These laws, regulations and other issues present unique risks that may impose additional requirements on our 
operations, cause delays in obtaining necessary approvals or permits, or result in losses or cancellations of our oil and 
natural gas leases, which in turn may materially and adversely affect our operations on Indian lands.

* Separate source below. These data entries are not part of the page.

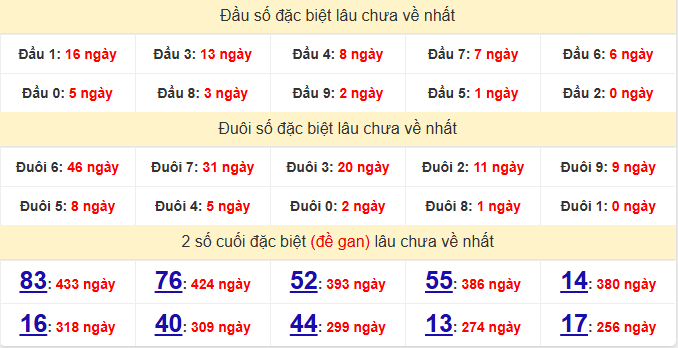 dac-biet-phu-yen-lau-ve-ngay-10-8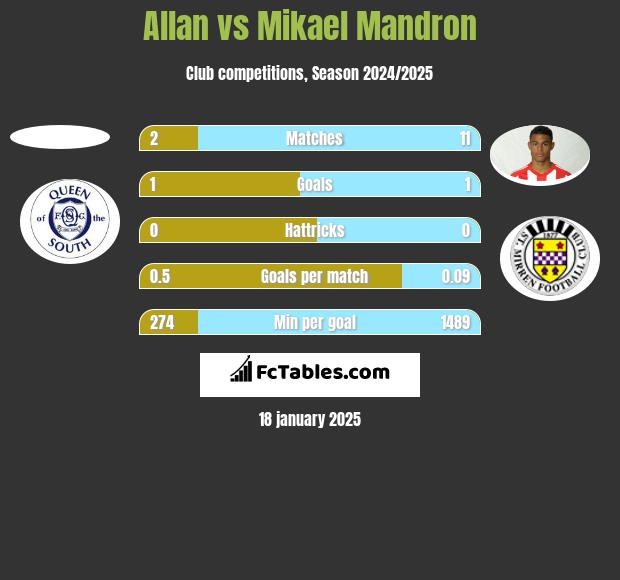 Allan vs Mikael Mandron h2h player stats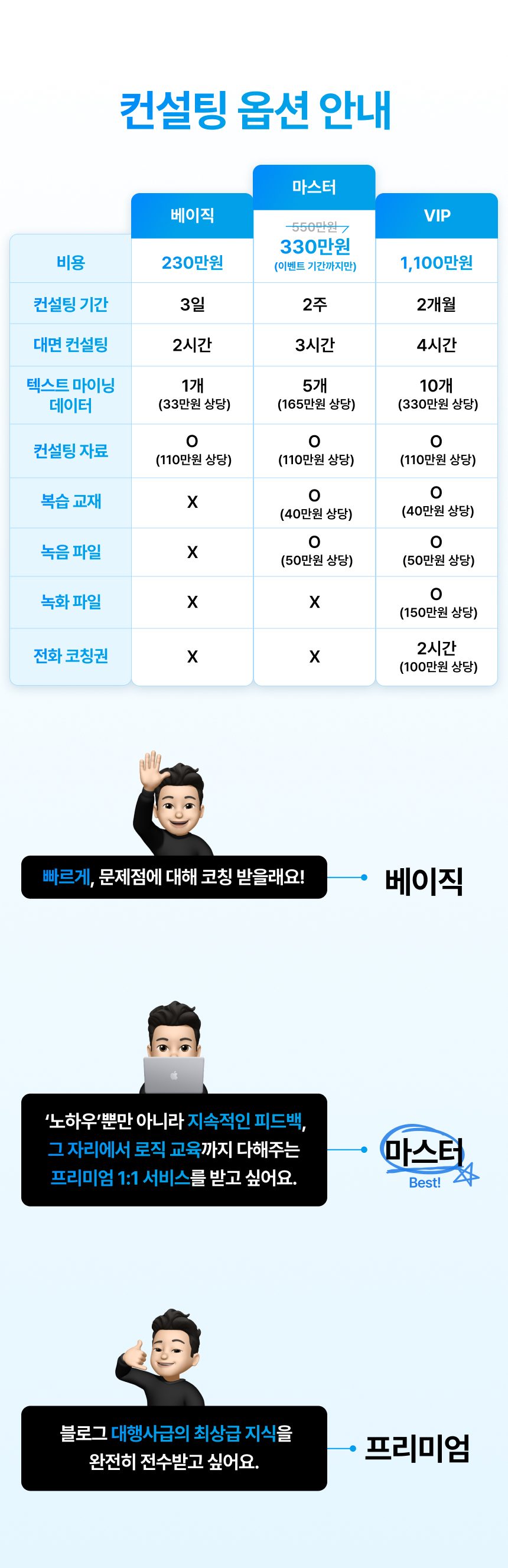 블로그 마스터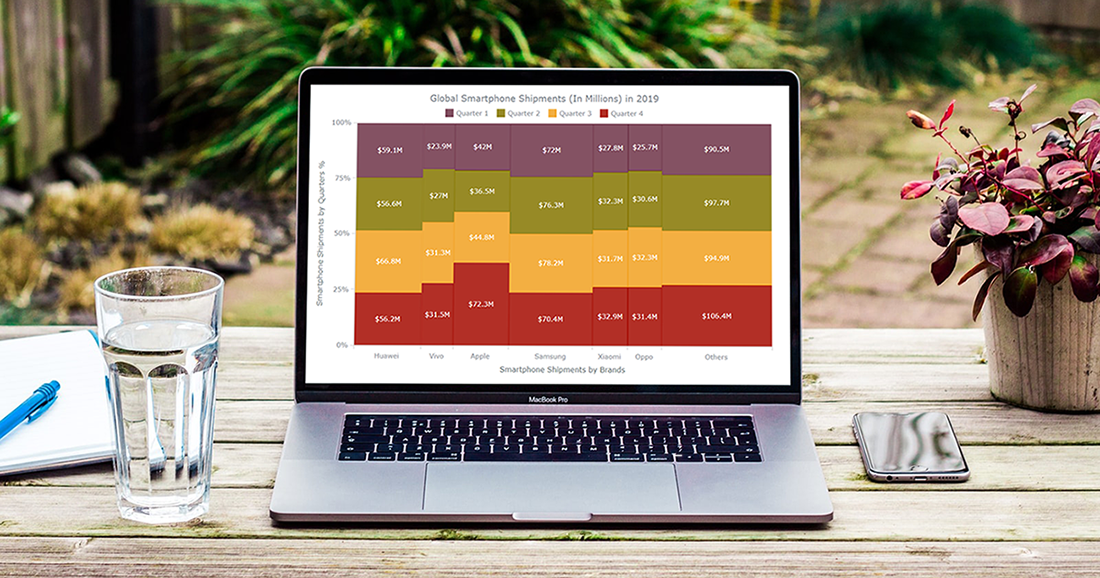 A Marimekko Chart built with JavaScript displayed on a laptop screen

Pipeline Safety Regulations

The U.S. Department of Transportation’s Pipeline and Hazardous Materials Safety Administration (“PHMSA”) 
regulates safety of oil and natural gas pipelines, including, with some specific exceptions, oil and natural gas gathering 
lines. From time to time, PHMSA, the courts or Congress may make determinations that affect PHMSA’s regulations 
or their applicability to our pipelines. These determinations may affect the costs we incur in complying with applicable 
safety regulations.

Worker Safety

The Occupational Safety and Health Act of 1970 (“OSHA”) and analogous state laws regulate the protection of 
the safety and health of workers. The OSHA hazard communication standard requires maintenance of information about 
hazardous materials used or produced in operations and provision of such information to employees. Other OSHA 
standards regulate specific worker safety aspects of our operations. Failure to comply with OSHA requirements can 
lead to the imposition of penalties. In December 2015, the U.S. Departments of Justice and Labor announced a plan to 
more frequently and effectively prosecute worker health and safety violations, including enhanced penalties.

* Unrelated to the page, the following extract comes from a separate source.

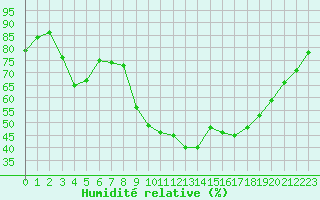 Courbe de l'humidit relative pour Aubenas - Lanas (07)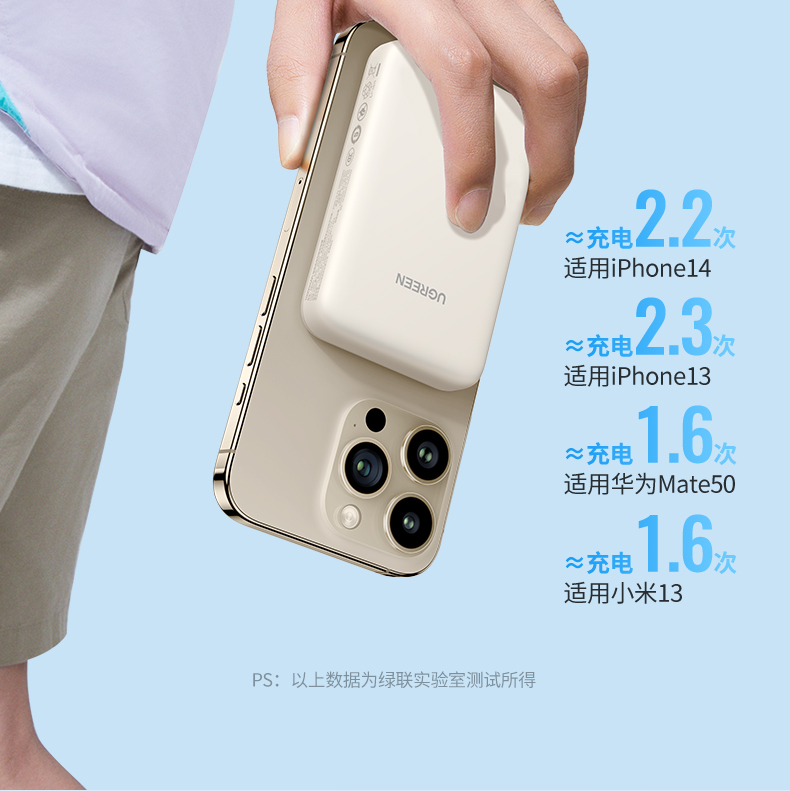 UGREEN綠聯(lian)-品(pin)質(zhi)新(xin)體(ti)驗(yàn),數(shu)碼選綠聯(lian) UGREEN綠聯(lian)-品(pin)質(zhi)新(xin)體(ti)驗(yàn),數(shu)碼選綠聯(lian)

Future Impacts and Current Expenditures

We cannot predict how future environmental laws and regulations may impact our properties or operations. For 
the year ended December 31, 2018, we did not incur any material capital expenditures for installation of remediation 
or pollution control equipment at any of our facilities. We are not aware of any environmental issues or claims that will 
require material capital expenditures during 2019 or that will otherwise have a material impact on our financial position, 
results of operations or cash flows.

Employees

As of December 31, 2018, we had 322 employees.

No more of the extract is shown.